Las mecánicas son muchas y muy variadas, pueden ir desde conseguir algo, ir subiendo niveles hasta lanzar dados, eliminar enemigos, puntos, rankings. Lo importante es que, dependiendo de nuestra audiencia y de los objetivos que pretendamos conseguir, elijamos las dinámicas adecuadas que hagan avanzar el juego.

Motivación

Seguimos en esta crónica de aprendizaje 2 y ahora nos detendremos en la motivación. Para ello aportaré la infografía realizada como una de las actividades del curso. Pincha aquí y la verás.

En realidad, todas las teorías sobre la motivación tienen elementos comunes aunque nombrados de manera distinta. En el juego en el aula la motivación debe ser intrínseca y debe partir de la necesidad / deseo del alumno de aprender, de su curiosidad por indagar en algo que no conoce o que puede conocer, pero en mayor profundidad.

El hecho de partir de la curiosidad, de sus propias expectativas, debe estar contemplado en la gamificación porque si no, fallará todo el proceso. El sistema (ya desfasado) de calificaciones, condiciona a los alumnos, pero no los mueve a todos a la acción, al aprendizaje. A muchos les da igual la nota. En el juego, sin embrago, todos queremos conseguir algo: superar niveles, insignias, tesoros, puestos en un ranking… Adoptando estas motivaciones al gamificar, abarcaremos a más participantes y, alumnos que se quedan fuera del proceso de aprendizaje por desinterés en la nota, tienen cabida en el juego ya que pueden ofrecer habilidades que otros no tengan. Así, se desarrollará la autoestima de todos e, incluso, se favorecerá el reconocimiento social de algunos que en el aula no la consiguen.

Jugadores

Leyendo los materiales del curso y navegando por la red descubro que hay muchos tipos de “players”, pero al reflexionar sobre ellos, creo que hay algunos (como el “killer”) que no deben tener cabida en el proceso de aprendizaje. La gamificación en el aula debe ser motivante y debe colaborar en el proceso de aprendizaje de todos los alumnos, por eso, tipos de jugadores como el “socializer” o el “explorer” pueden aportar mucho más al grupo que el “killer” o incluso que el “achiever”, aunque, no podemos apartar y anular completamente estos tipos, porque, en su justa medida, colaboran también en el avance del juego.
Igual que en un deporte de equipo todos los jugadores tienen un “lugar” y una misión, así debe ser en el juego y en la gamificación, cuidando siempre de que los más “negativos” para el proceso tengan también un hueco, pero que no minen el juego ni destruyan el aprendizaje.

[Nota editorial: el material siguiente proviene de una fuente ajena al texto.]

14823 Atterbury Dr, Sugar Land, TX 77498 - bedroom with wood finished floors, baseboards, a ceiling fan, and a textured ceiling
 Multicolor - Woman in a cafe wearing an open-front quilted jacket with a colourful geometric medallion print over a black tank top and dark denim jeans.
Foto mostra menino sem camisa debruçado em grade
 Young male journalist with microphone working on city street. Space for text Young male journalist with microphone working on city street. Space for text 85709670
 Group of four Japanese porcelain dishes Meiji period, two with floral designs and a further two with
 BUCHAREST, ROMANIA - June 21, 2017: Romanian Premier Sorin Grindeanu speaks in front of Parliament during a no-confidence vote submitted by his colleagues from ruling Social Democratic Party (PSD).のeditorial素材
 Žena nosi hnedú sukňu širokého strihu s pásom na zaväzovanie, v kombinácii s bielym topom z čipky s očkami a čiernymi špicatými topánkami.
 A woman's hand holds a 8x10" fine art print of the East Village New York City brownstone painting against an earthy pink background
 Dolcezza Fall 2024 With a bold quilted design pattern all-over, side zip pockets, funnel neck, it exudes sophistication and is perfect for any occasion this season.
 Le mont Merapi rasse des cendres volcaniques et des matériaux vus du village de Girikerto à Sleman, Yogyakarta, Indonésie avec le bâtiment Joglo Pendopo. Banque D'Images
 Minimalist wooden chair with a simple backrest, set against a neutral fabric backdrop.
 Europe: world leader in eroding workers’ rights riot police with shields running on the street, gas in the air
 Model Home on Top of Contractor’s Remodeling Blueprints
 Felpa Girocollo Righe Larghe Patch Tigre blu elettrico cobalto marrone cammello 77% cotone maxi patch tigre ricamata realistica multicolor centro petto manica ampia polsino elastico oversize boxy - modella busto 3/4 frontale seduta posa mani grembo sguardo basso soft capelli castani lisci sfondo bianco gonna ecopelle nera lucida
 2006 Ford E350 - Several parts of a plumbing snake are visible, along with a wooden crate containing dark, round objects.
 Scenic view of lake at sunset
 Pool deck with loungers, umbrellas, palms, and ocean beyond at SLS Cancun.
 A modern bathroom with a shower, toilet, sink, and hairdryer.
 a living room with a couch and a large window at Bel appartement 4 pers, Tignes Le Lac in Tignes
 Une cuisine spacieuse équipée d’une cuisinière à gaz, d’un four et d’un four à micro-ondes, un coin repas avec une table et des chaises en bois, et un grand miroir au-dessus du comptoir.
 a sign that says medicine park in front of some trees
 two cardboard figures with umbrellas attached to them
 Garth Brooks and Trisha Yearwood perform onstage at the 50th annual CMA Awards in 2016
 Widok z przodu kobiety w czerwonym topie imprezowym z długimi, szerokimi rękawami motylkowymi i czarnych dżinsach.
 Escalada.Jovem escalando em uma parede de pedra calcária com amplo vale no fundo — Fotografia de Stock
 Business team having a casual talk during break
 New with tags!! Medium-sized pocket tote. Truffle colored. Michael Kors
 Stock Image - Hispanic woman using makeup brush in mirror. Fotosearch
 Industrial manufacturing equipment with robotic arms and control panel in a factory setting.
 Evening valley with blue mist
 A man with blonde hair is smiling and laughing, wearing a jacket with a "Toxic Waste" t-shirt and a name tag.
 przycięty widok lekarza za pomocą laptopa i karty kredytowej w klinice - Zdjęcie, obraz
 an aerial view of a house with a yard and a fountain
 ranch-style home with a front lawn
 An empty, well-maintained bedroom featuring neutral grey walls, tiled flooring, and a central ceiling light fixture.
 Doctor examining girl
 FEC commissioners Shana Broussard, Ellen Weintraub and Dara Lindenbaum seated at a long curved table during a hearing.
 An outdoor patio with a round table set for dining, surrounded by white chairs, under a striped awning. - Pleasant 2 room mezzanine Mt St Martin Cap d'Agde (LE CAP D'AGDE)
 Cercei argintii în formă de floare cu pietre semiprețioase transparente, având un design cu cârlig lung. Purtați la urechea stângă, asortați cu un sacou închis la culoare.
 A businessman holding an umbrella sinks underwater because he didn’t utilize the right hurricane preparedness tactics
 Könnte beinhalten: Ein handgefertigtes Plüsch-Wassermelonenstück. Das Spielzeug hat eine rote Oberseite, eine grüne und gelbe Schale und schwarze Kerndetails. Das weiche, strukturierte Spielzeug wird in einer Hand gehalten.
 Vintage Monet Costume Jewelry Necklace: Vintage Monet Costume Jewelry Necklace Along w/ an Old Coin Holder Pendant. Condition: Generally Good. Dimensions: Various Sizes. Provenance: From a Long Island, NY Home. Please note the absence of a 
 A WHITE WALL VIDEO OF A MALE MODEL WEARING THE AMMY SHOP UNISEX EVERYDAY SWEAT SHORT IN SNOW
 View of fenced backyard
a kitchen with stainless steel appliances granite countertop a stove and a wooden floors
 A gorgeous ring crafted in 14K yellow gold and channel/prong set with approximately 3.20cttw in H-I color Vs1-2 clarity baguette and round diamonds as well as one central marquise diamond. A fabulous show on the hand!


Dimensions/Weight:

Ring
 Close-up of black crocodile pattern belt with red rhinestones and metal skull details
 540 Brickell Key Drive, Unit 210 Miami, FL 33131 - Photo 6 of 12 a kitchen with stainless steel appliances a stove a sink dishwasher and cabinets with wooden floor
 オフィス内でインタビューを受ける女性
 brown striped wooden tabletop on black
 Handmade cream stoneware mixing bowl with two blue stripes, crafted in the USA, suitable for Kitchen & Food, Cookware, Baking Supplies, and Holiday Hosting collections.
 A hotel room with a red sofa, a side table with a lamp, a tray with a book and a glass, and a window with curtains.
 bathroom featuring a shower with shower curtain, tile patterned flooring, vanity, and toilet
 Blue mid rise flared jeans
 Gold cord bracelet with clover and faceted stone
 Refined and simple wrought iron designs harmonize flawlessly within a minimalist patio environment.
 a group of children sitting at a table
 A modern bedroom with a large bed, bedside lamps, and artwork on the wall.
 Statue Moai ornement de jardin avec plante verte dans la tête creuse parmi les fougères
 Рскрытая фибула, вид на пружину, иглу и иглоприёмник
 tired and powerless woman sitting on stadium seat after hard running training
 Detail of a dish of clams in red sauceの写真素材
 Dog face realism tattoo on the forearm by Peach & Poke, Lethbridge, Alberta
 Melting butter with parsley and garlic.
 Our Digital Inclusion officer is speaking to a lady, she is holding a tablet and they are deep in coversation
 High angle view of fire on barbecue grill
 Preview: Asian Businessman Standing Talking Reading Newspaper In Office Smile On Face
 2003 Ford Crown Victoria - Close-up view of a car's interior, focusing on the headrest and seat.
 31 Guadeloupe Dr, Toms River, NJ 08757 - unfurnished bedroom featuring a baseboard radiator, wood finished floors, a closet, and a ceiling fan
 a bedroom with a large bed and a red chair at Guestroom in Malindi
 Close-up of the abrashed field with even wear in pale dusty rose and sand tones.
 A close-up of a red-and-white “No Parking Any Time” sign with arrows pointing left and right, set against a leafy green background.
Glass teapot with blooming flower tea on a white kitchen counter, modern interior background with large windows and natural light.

Imagen libre de derechos tomada y Pixabay y transformada por @bertaocana

 

Análisis DAFO

¿Qué es un análisis DAFO? No es más que un estudio de nuestra aula, de fortalezas y debilidades, que, haciéndolo de forma previa a la gamificación, nos ayude a enfocarla de manera acertada y a llegar a nuestros usuarios, motivarlos y mantener su interés en el juego.

Y como lo mejor para explicar algo es poner un ejemplo, voy a hacer un análisis DAFO para una gamificación a principio de curso.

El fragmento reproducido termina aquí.